(Task details)
Below is a listing with pictures. Repeat exactly the lines starting at the one holding "Shop Dolce &" and going on through the one holding "Cool Club, Bluza", and leave every picture out.

(Supplied information)
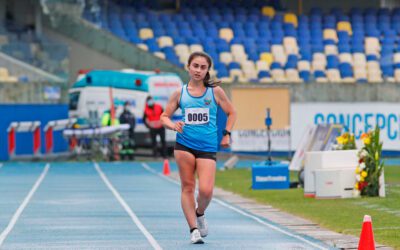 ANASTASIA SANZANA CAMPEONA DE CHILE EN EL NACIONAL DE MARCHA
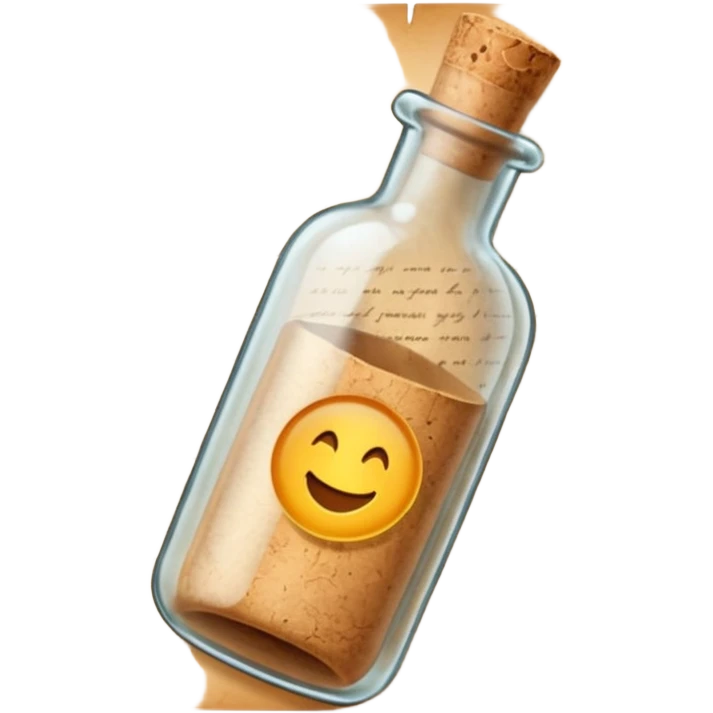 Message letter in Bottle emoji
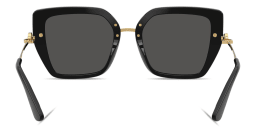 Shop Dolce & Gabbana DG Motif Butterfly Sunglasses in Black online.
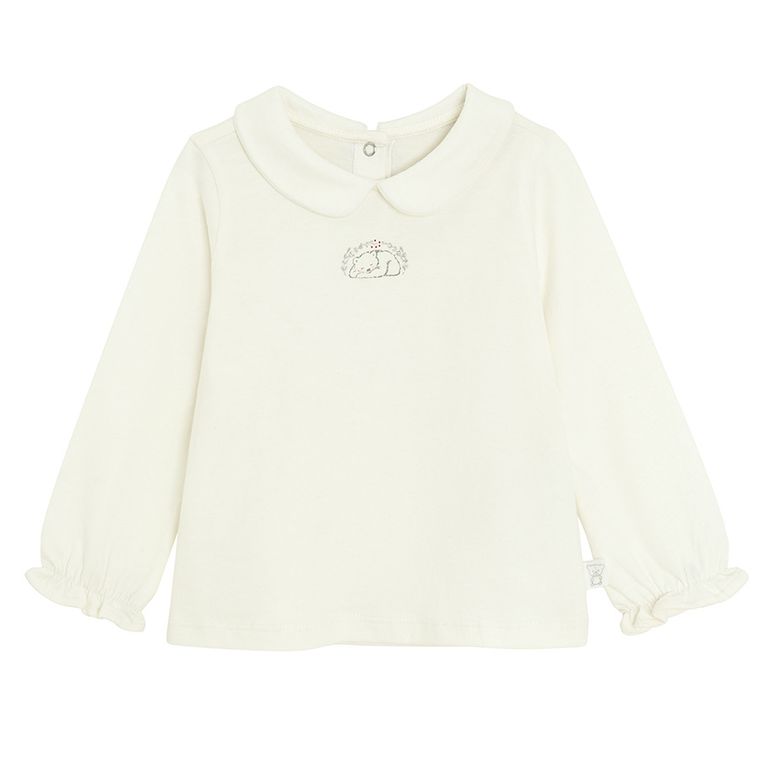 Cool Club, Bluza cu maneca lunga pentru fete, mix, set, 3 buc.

* * *

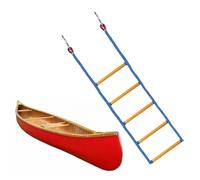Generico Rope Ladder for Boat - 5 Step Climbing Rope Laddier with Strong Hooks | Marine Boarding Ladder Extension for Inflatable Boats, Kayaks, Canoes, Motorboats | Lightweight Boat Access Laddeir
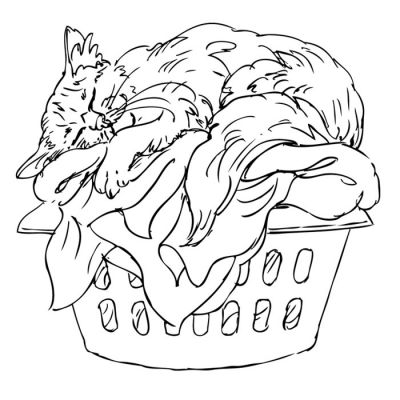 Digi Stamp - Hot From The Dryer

(Answer box)
 Shop Dolce & Gabbana DG Motif Butterfly Sunglasses in Black online.
 Cool Club, Bluza cu maneca lunga pentru fete, mix, set, 3 buc.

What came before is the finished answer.